Journal Search Engine
The Journal of The Korea Institute of Intelligent Transport Systems Vol.24 No.6 pp.79-93
자전거도로 영상 데이터 합성을 위한 스테이블 디퓨전 모델 미세 조정 기법
Fine-tuning of Stable Diffusion Models for Image Data Synthesis on Bicycle Roads
Abstract
The growing use of bicycles has heightened the importance of video-based monitoring for preventing accidents and detecting hazardous situations on bicycle roads. However, collecting video data that adequately reflects variations in season, illumination, and weather requires substantial time, and the high cost of data labeling further limits the development of effective object-detection models. To address these challenges, this study proposes an image synthesis method that simultaneously incorporates structural constraints and style adaptation. The proposed approach integrates Stable Diffusion with ControlNet and Low-Rank Adaptation (LoRA), enabling unified control of scene structure through mask images and fine-grained style adjustment. A dataset was constructed using real CCTV footage, and three Stable Diffusion–based backbone models were evaluated for their synthesis performance. Fréchet Inception Distance and CLIP-score were used for quantitative assessment, demonstrating that the proposed method achieves superior realism and semantic alignment between images and text.

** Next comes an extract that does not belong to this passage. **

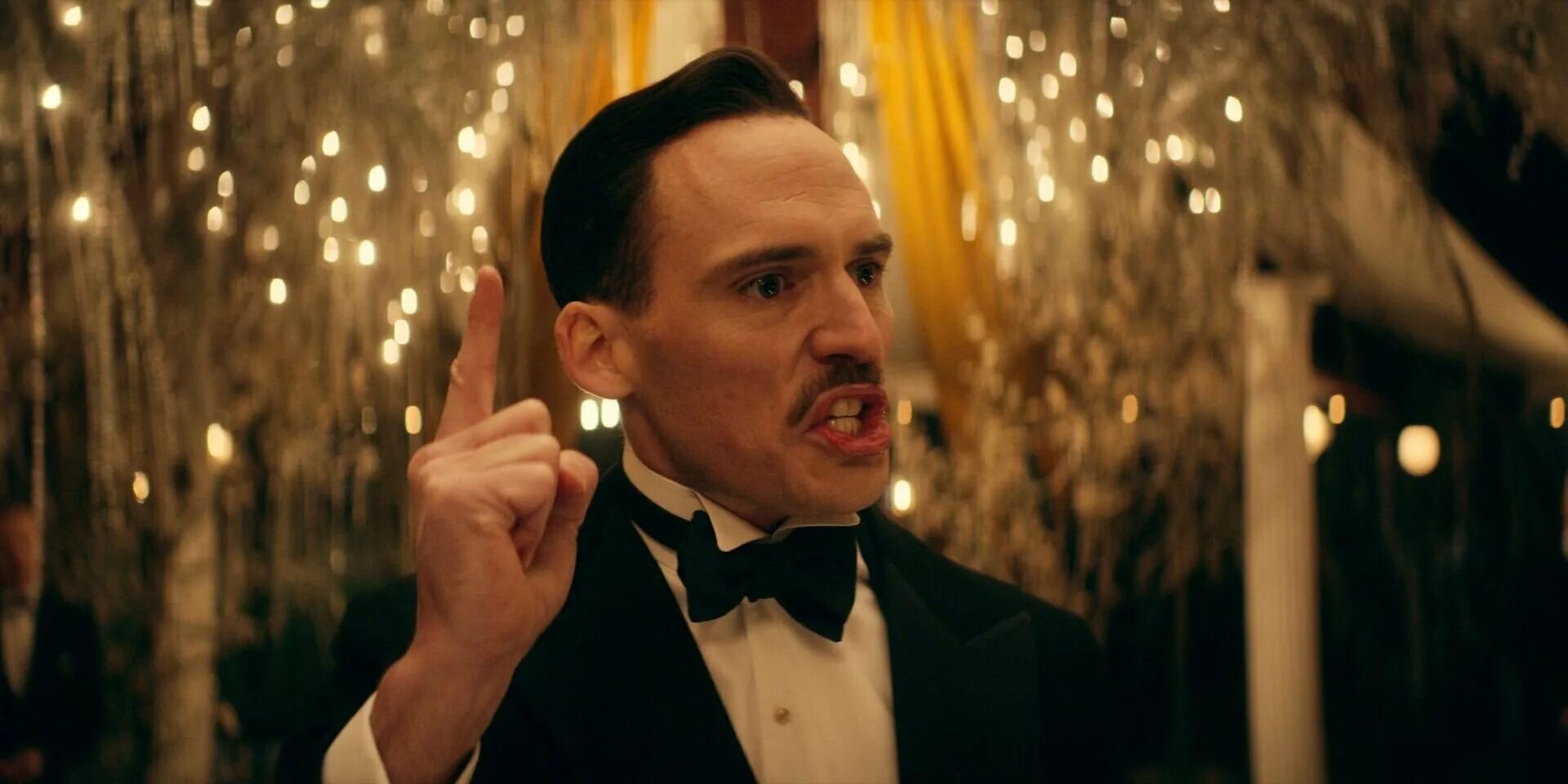 Освальд моусли острые козырьки. Освальд мосли peaky blinders. Сэм клафлин острые козырьки. Сэм клафлин освальд мосли. Освальд мосли острые козырьки.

Furthermore, the model successfully generated images reflecting seasonal and weather variations solely through prompt manipulation. This research provides an efficient solution for generating diverse environmental conditions that are difficult to capture in practice, thereby alleviating data scarcity in bicycle-road monitoring and supporting the advancement of nextgeneration object-detection and safety-management technologies.